What is a Cleft Lip or Palate?
Some children are born with holes or clefts in their lip or palate (roof of the mouth). This can cause severe difficulties with speech as well as with eating. These structural problems are often fixed with surgery as early as possible but even with surgery, speech therapy is still often needed to help the child produce speech sounds clearly. Here is an overview of what speech therapy looks like for a child with a repaired or unrepaired cleft lip or palate.
How do you do Speech Therapy for a Child with Cleft Lip/Palate?
1. Ensure Medical Management and Follow-Up
The first thing you should do when beginning to work with a child who has a repaired or unrepaired cleft lip or palate is to make sure that the child is being treated and followed by a cleft palate team. Cleft lips and palates are not the type of problem you can just fix up once and forget about. As the child grows and develops, new problems can arise so each child who has a history of cleft lip or palate should be getting regular checkups from a certified cleft palate care team. Here’s a link that will help you find the closest team to you:
http://www.cleftline.org/parents-individuals/team-care/
2. Check Hearing Frequently
The next thing you will need to do with a child with a history of cleft lip or palate is to check his/her hearing frequently. Children with these conditions are more prone to conductive hearing loss later in life so their hearing should be checked regularly throughout childhood. Make sure hearing is checked at regular intervals but also perform additional checks if you feel that something is wrong. The quicker we can catch hearing problems, the less of a problem it will become.

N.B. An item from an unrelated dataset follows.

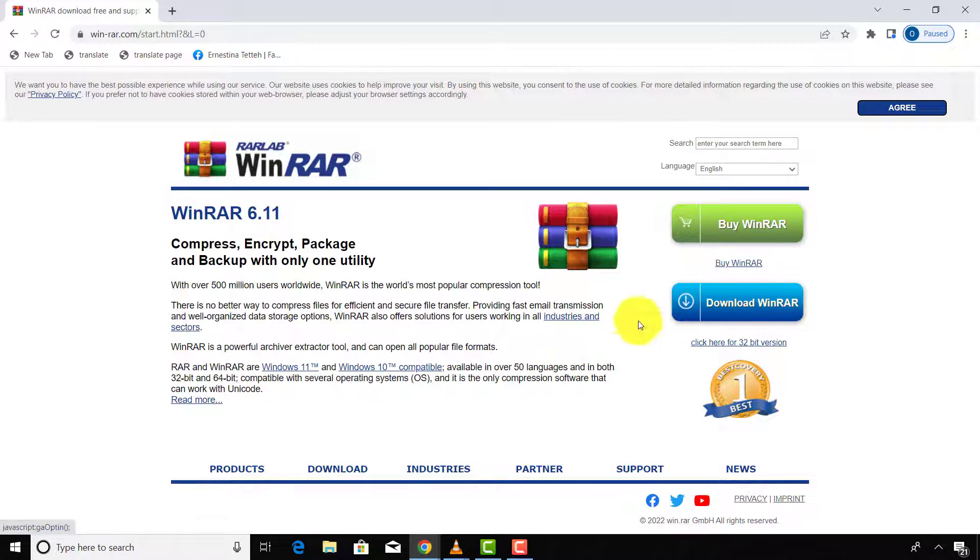I will leave the download link in the description below. Please follow my steps to download and install the software.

3. Treat Speech/Language Delays as Needed
All children with a history of cleft lip or palate are different and should be treated as such. There is no one treatment plan that will adequately serve each child with this condition. However, there are certain aspects of therapy that we should consider for all children with cleft lip and palate as a part of their condition. The following are some general goals that should be considered:
- Establish correct oral articulatory placement and/or airflow direction and pressure build up at the target place, using behavioral, articulation (motor-phonetic) therapy.

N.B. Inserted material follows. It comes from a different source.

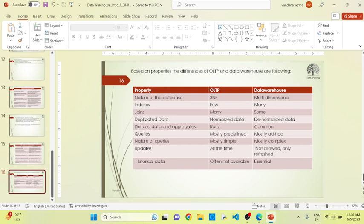Queries in OLTP are mostly predefined, but in data warehouse they are mostly ad hoc — it depends on the requirement. Regarding the nature of queries: in OLTP, queries are completely simple because they always perform on a day-to-day basis, but in data warehouse it is a little bit complex. In OLTP, data is completely updated since it performs on a regular basis, but in data warehouse, data is refreshed, not updated. In OLTP, historical data is not allowed or available, but in data warehouse, historical data is always available. These are some differences based on the properties of OLTP and data warehouse.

This goal includes a lot of skills that have to do with getting the mouth to do the correct thing to produce speech sounds. We can target getting the articulators (tongue, lips, etc.) in the right places, keeping the air flowing out the mouth instead of the nose (unless it’s a nasal sound), and building up air pressure to produce certain sounds (like stop-plosive sounds). We can do this using behavioral and articulation therapy.
- Maximize the intra-oral air pressure build up during speech sound production.
Children with cleft lip and palate often have trouble building up air pressure to produce speech sounds. This may be from structural problems that still exist (like holes in the palate) or it may be due to habits that the child learned when there were structural problems even though those problems have since been fixed. We can teach children to build up the air pressure for speech sounds as best as they possibly can based on their current structures and limitations.
- Teach new motor speech patterns to replace compensatory maladaptive articulation errors.
When children with un-repaired cleft lip and palate learn to speak, they tend to compensate for structural problems by either putting their articulators in the wrong positions or replacing difficult sounds with easier ones. After the clefts are repaired, these children often still use those errors because of the habits they have formed. Our job is to help them un-learn those incorrect ways to say speech sounds and learn the correct ways instead.
How to Fix Speech Sound Errors in Children with Cleft Lip/Palate
Once we’re ready to dive into doing therapy with these kiddos, we first need to identify limitations of the child’s structures. Which speech sounds is the child physically able to produce? This will depend not only on the structures present (are there holes in the palate?) but also the child’s ability to move those structures. For example, if the child has an adequate soft palate but is unable to raise it up to close off the nasal cavity, we must consider that as a limitation for oral speech sounds.
Information about the child’s oral structures and function should come from the child’s cleft palate team. They will be aware of all problems that the child has with structures or function and will be able to advise on appropriate appliances or prosthetics to assist the child, if needed. Speak with the child’s cleft palate team about what sounds the child is physically able to produce and which ones will be impossible for the time being.
If the Child IS Structurally Able to Produce a Sound:
After speaking with the child’s cleft palate team, you should have a nice list of the sounds that the child is physically able to produce. Check that list against the sounds that the child is currently producing incorrectly. If you see a sound (or many sounds) that the child should be able to produce correctly but is not, you can target those in therapy.
In therapy we will work on these sounds by correcting the child’s placement and production using a typical articulation therapy. This means, we’ll show the child where to put his articulators and how to move them to produce the sound correctly.
If you need more resources on how to do the articulation approach to therapy, check out my All-In-One Articulation Program and Materials Kit!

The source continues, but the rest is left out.